Lawsuit revives property tax battle

By BILL KACZOR THE ASSOCIATED PRESS

Published Friday, Feb. 15, 2008 at 4:30 a.m.

TALLAHASSEE — A lawsuit challenging inequities in Florida's property tax system could cost local governments and school boards billions of dollars, but one lawmaker says he has a solution, and it is a familiar one.

Rep. David Simmons proposes a percentage-based exemption that would replace or work together with the existing Save Our Homes Amendment to equalize taxes paid by longtime homeowners and recent buyers. It is something the Legislature tried last year but then dropped.

The lawsuit alleges Save Our Homes and Amendment 1, which voters adopted Jan. 29, violate equality provisions in the Florida and U.S. constitutions because the two measures give longtime homeowners much bigger tax breaks than recent buyers.

Save Our Homes caps annual assessment increases at 3 percent for primary homes, or homesteads. That has meant the plaintiffs, three homeowners in Port Charlotte, Tallahassee and North Palm Beach, and other recent home buyers are paying much higher taxes than longtime residents with homes of the same or similar value.

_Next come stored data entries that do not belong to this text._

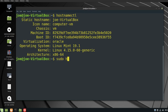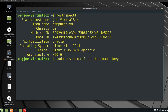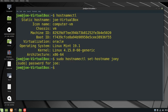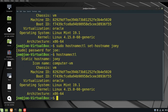Now I'm going to type sudo hostnamectl set-hostname joey. I'll enter my password. Now type hostnamectl and you can see that my hostname has been changed to joey.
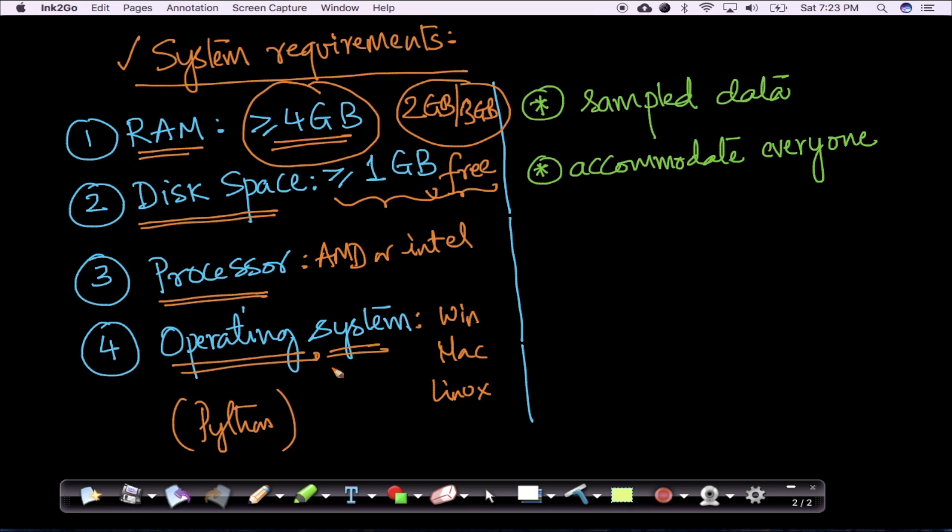In the next video we will explain how to set up Python and all the necessary packages that come along with it, which are extremely important for successfully completing this workshop.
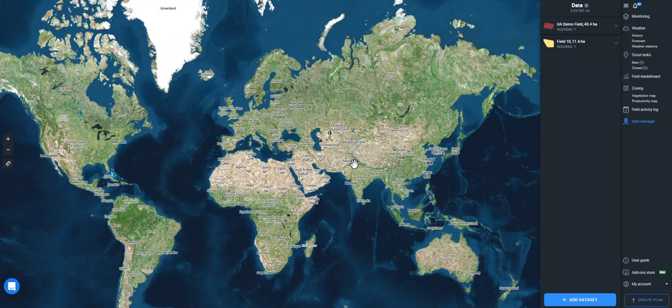Data Manager is your opportunity to upload data on harvesting, fertilization, spraying, planting, and any other activity from your vehicle to crop monitoring.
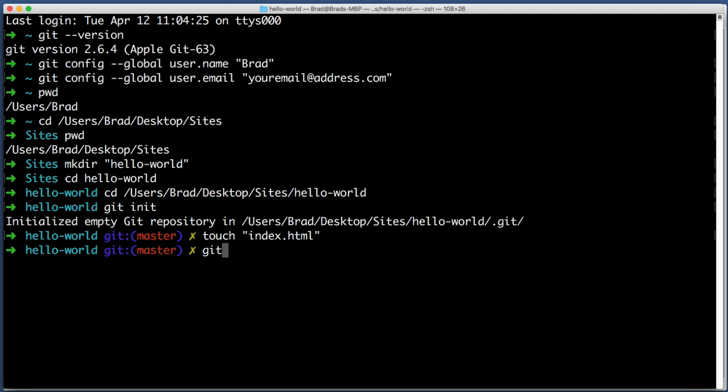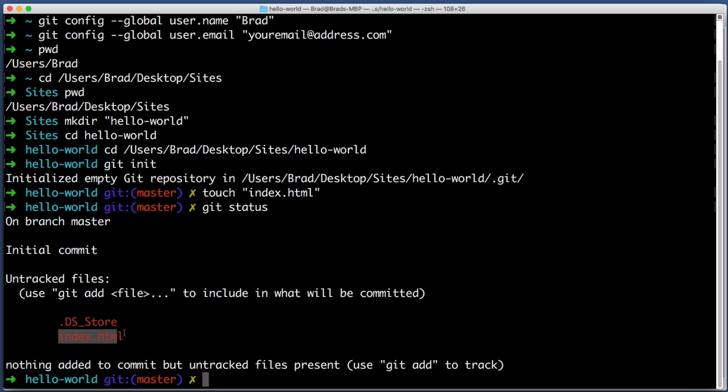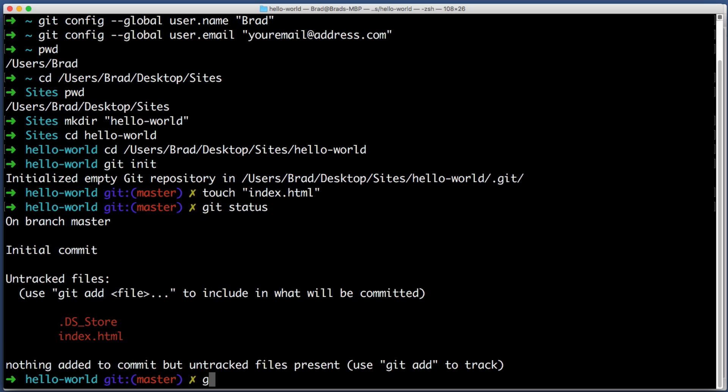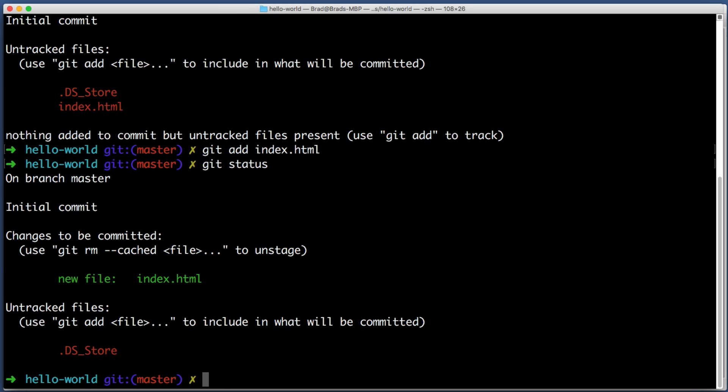We can actually create new empty files from the command line by typing touch and then the name of the file that we want to create. So let's try touch index.html, hit enter. If we navigate to hello world there it is. Go ahead and open this new file with your favorite text editor. I will create an h1 and say hello world, go ahead and hit save.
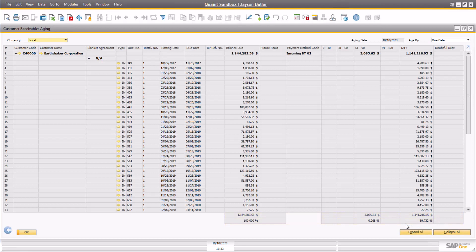Overall, it is extremely crucial that employees with some type of accounts receivable responsibility within the company have access and become familiar with the Customer Receivables Aging Report within SAP Business One.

Gov. Charlie Crist, who led the Amendment 1 campaign, has said he is confident both amendments will withstand the challenge, but Simmons, R-Maitland, is not so sure.

Simmons, a lawyer, says Amendment 1 is "the very Trojan horse that may cause" Save Our Homes to be declared unconstitutional.

"We truly jeopardized the fiscal responsibility that we have to the people of the state of Florida," Simmons said.

The lawsuit, filed in state court here, alleges Amendment 1 increases the disparity through a "portability" provision that lets homesteaders take their Save Our Homes benefits with them when they move.

The plaintiffs want the court to strike down Save Our Homes and the portability provision. They also are seeking tax refunds for themselves and other recent home buyers.

A state judge in Tallahassee last year dismissed a similar lawsuit by out-of-state owners of second homes in Florida challenging Save Our Homes on similar grounds. An appeal of that decision is pending.

Before portability, when people sold one home and bought another, they were taxed the same as any other new home buyer.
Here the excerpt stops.